Um Banco de Caprinos no Deserto do Quênia

Despertamos, certa manhã, com a lembrança suave de um velho amigo colombiano, perdido nas dobras do tempo. Padre Leonel. Conhecemo-lo em Nairóbi, 1982, quando os dias corriam entre planilhas de ajuda humanitária e silêncios africanos. Ele vinha de Marsabit, a 560 quilômetros dali — pedaço seco do Quênia onde o vento trazia pó e preces.

Surgia sem aviso, sempre em urgência: um pedido de soro, sacos de farinha, peças para o poço. Falava pouco, não se demorava. Antes de partir, parava diante de um pôster na parede — Dom Helder em letras grandes: “Quando dou comida aos pobres, sou santo. Quando pergunto por que os pobres têm fome, sou comunista.” A frase o fazia sorrir com a timidez de menino. Talvez ali estivesse o resumo de sua missão: não um santo, tampouco um revolucionário — apenas alguém em busca de reconciliação.

Num desses encontros, trouxe um pedido inusitado: precisava de fundos para comprar… caprinos. Silêncio. Olhares trocados. Insistimos por justificativas. Ele explicou com a calma de quem conhece a alma dos conflitos: queria criar um banco de cabras, um fundo rotativo para doações às famílias das noviças ameaçadas por dotes tribais.

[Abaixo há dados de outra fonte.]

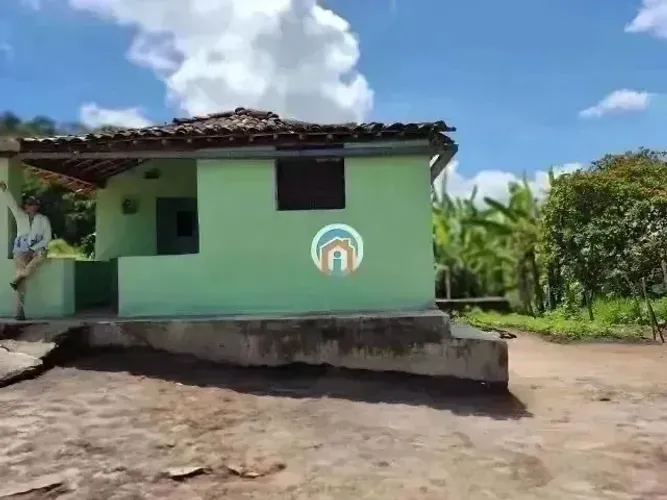Refúgio em Serraria - 7.000 m² com casa e fruteiras, excelente estrutura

Os anciãos, presos à cultura e ao machismo nômade, ofereciam animais para “comprar” meninas em formação religiosa. Pobres demais para recusar, as famílias hesitavam.

Resgatar com dinheiro parecia insustentável. Dissemos isso. Mas Padre Leonel não falava de resgate — falava de dignidade. Sua proposta: comprar caprinos e emprestá-los como garantia simbólica às famílias das noviças. Um cheque de futuro, um escudo contra o casamento forçado. Conselhos comunais cuidariam dos empréstimos, dos rebanhos, da paz. Era simples, como só as soluções verdadeiras são.

Com aquele gesto, aprendemos mais do que em muitos relatórios. Ele nos mostrou que paz e desenvolvimento não nascem de discursos, mas de ações que tocam o cotidiano. Que não há democracia possível sem justiça às mulheres esquecidas, sem respeito aos silenciados da terra.

Batemos o martelo. Com um cheque e um brilho no olhar, Padre Leonel partiu para fundar o primeiro banco do mundo capitalizado com a moeda mais sólida de Marsabit: cabras. E com elas, plantou esperança onde havia apenas poeira e resignação.